Lukas Stella

INTOXICATION MENTALE, Représentation, confusion, aliénation et servitude, Éditions L’Harmattan, 2018. — L’INVENTION DE LA CRISE, 
Escroquerie sur un futur en perdition, Éditions L’Harmattan, 2012. — STRATAGÈMES DU CHANGEMENT De l’illusion de l’invraisemblable à l’invention des possibles Éditions Libertaires, 2009. — ABORDAGES INFORMATIQUES (La machine à réduire) Croyances informatisées dans l’ordre des choses marchandes, Éditions du Monde libertaire - Alternative Libertaire, 2002 — http://inventin.lautre.net/linvecris.html

  • DÉSOBÉISSANCE CIVILE !

    "La violence de la vie n’a rien en commun avec la violence dont la mort se revêt. La vie n’a cure de répondre à la barbarie qui l’opprime.

    Vivre humainement est une expérience à la fois intemporelle et, historiquement parlant, radicalement nouvelle. S’y attacher et la poursuivre suffit pour que toute velléité d’entraver sa liberté se heurte à une fin de non-recevoir. Ainsi sommes-nous fondés à passer outre à tout décret liberticide.

    La désobéissance civile est une des émanations poétiques de cette fin de non-recevoir. Elle ne tolère aucune forme de prédation, aucune forme de pouvoir. Elle est le non-agir qui s’affirme en rayonnant, elle est la pulsion vitale qui va devant soi et, maillon après maillon, brise, comme par inadvertance, la totalité de ses chaînes.

    La guerre civile est un jeu de mort où toutes et tous s’affrontent, la désobéissance civile est le jeu de la vie solidaire où les passions se vivent en s’accordant.

    A chaque instant se poser la question : à qui cela profite-t-il ?

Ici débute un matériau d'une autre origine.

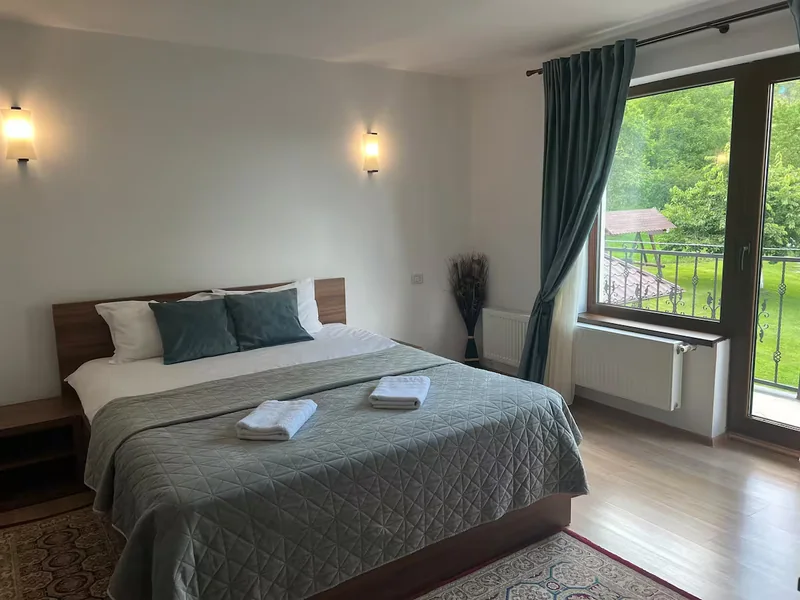 Dormitor cu pat dublu și ușă deschisă spre balcon
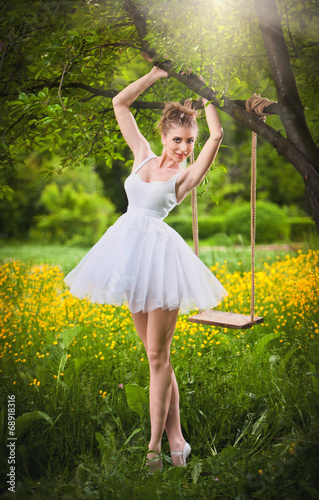 Attractive girl in white short dress posing near a tree swing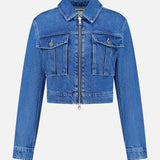 The Micah Oversized Denim Jacket by L’AGENCE is featured on a plain white background. This trendy blue denim jacket features long sleeves, a cropped silhouette, front zipper closure, and two chest pockets with flaps and buttons—delivering a stylish update to the classic denim jacket style.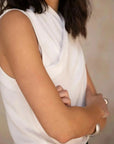 Détail du Top Croisé Devant Blanc Chic, avec un tissu fluide et sans manches, mettant en valeur la coupe.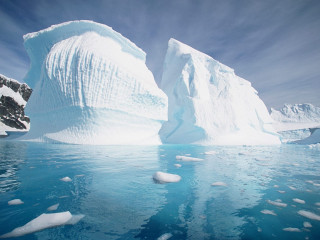 Iceberg floating ocean mountain range 3 - ice free wallpaper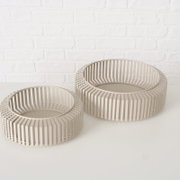 Zwei moderne, runde Schalen aus beigem Material mit einem Gitterdesign, auf einer weißen Oberfläche vor einer weißen Ziegelwand, aus einer leicht erhöhten Perspektive fotografiert.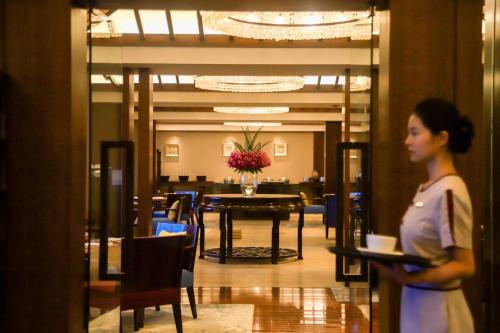 uma mulher a caminhar através de uma sala de jantar com uma mesa em The Ritz-Carlton Sanya, Yalong Bay em Sanya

    La stratégie de la confusion est l’apanage des gouvernements et des puissances financières mondiales. L’art de la communication sert à discréditer les révoltes de la liberté offensée. Le mouvement des Gilets jaunes a été de la sorte assimilé à un populisme où grenouillaient fascistes, antisémites, homophobes, misogynes et fous furieux. Ces grotesques calomnies n’ont guère eu besoin d’être dénoncées. Elles ont été balayées avec une manière de désinvolture sidérante par la tranquille détermination des manifestants d’accorder aux aspirations humaine une priorité absolue. Chose étonnante, l’opposition de gauche, voire gauchiste et libertaire, avait fait montre à l’endroit des Gilets jaunes d’une réticence méprisante, assez proche de l’arrogance oligarchique. Quand les bureaucrates politiques et syndicaux s’avisèrent de leur bévue et ambitionnèrent de rejoindre le mouvement des ronds points, ils se trouvèrent mis à l’écart par la ferme et salutaire résolution de ne tolérer ni chefs ni guides autoproclamés.

    L’épidémie est venue à point pour rendre au Pouvoir vacillant un peu de son autorité répressive.

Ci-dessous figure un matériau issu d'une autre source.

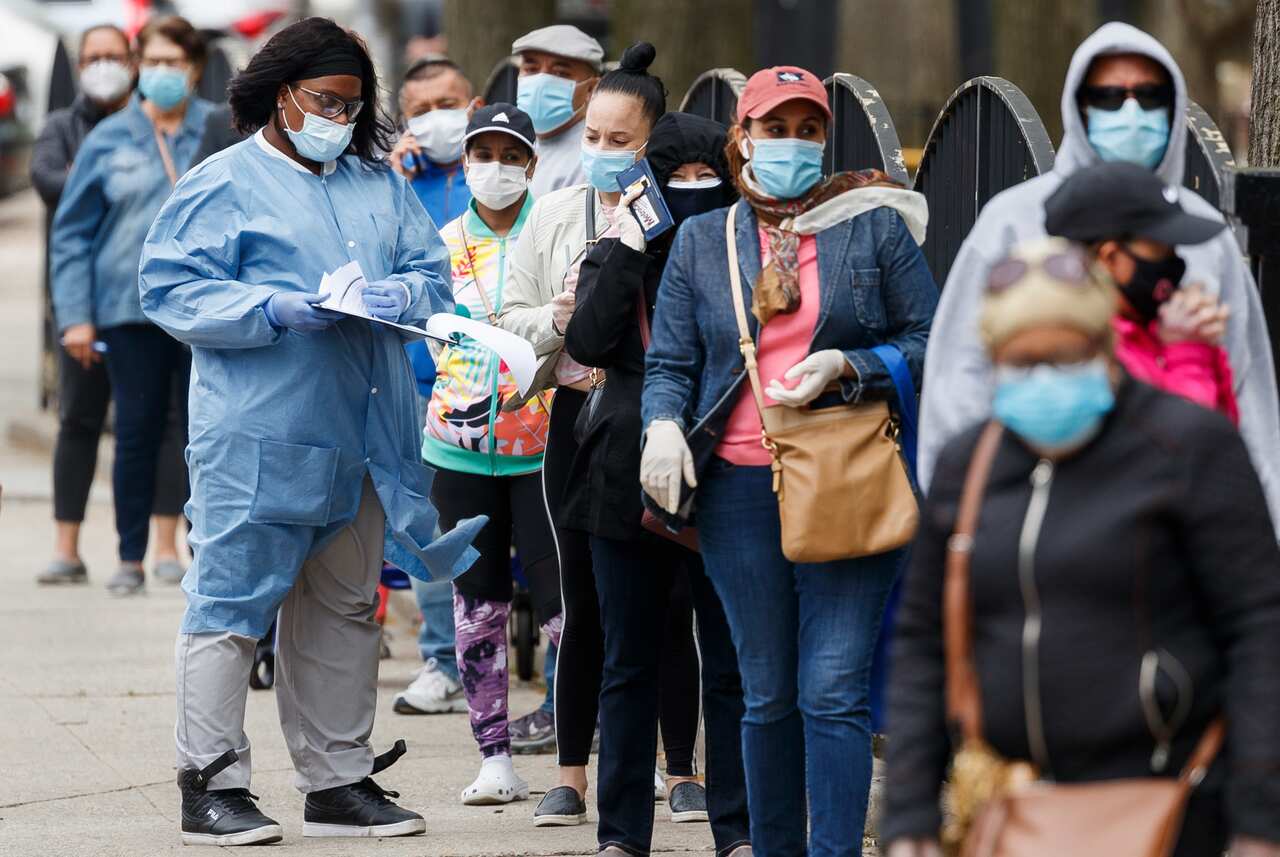 People waiting in line at a newly opened COVID-19 community testing location in New York.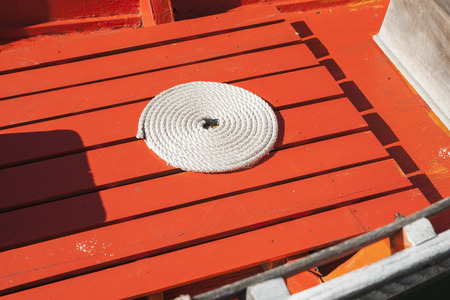 Coiled rope on boat floor.の写真素材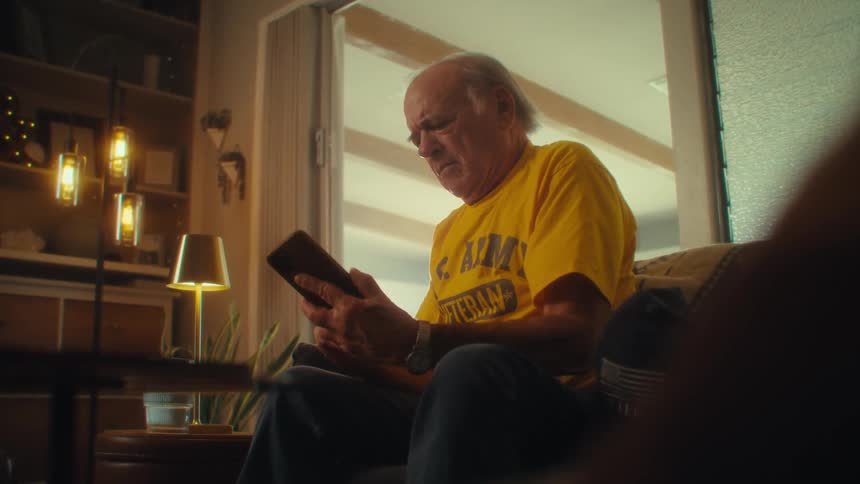 Elderly man picks up a phone call while seated indoors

    Certes, le coronavirus et ses mutations constantes représentent un danger incontestable. Mais là où des mesures favorables à la santé eussent permis d’en atténuer l’impact, on a assisté à une gestion catastrophique du chaos. La gabegie hospitalière, les mensonges en cascades, les marches et contre-marches, la prévarication des milieux scientifiques ont aggravé le péril. Plus toxique encore a été et reste la panique orchestrée par les médias, serpillières des intérêts privés. La partie était belle pour les grands laboratoires pharmaceutiques dont les actionnaires s’enrichissent chaque fois que les citoyens-cobayes paient le renouvellement des vaccins.

    Trois ans de gilets ensoleillés en toutes saisons ont affermi la résistance à une barbarie, qui ne les a pas épargnés. Il y a là de quoi inquiéter et irriter les fantoches étatiques, les derniers politicards, les marchands de pesticides à tous vents.

    La brutalité ne suffisant pas, la vieille pratique du bouc-émissaire a pris le relais. Experte en la matière, l’extrême-droite a choisi de mâchouiller les migrants de sa dent unique et branlante. Avec les Gilets jaunes et leurs émules, les gestionnaires de la corruption nationale et mondialiste font face à un projet d’une autre envergure et d’une autre substance.

    En 2018, le gouvernement français s’était ridiculisé en traitant le peuple des ronds-points de péquenauds incultes et irresponsables. Que la vogue du coronavirus lui livre l’occasion de reprendre l’offensive avec plus de pertinence n’a rien d’étonnant."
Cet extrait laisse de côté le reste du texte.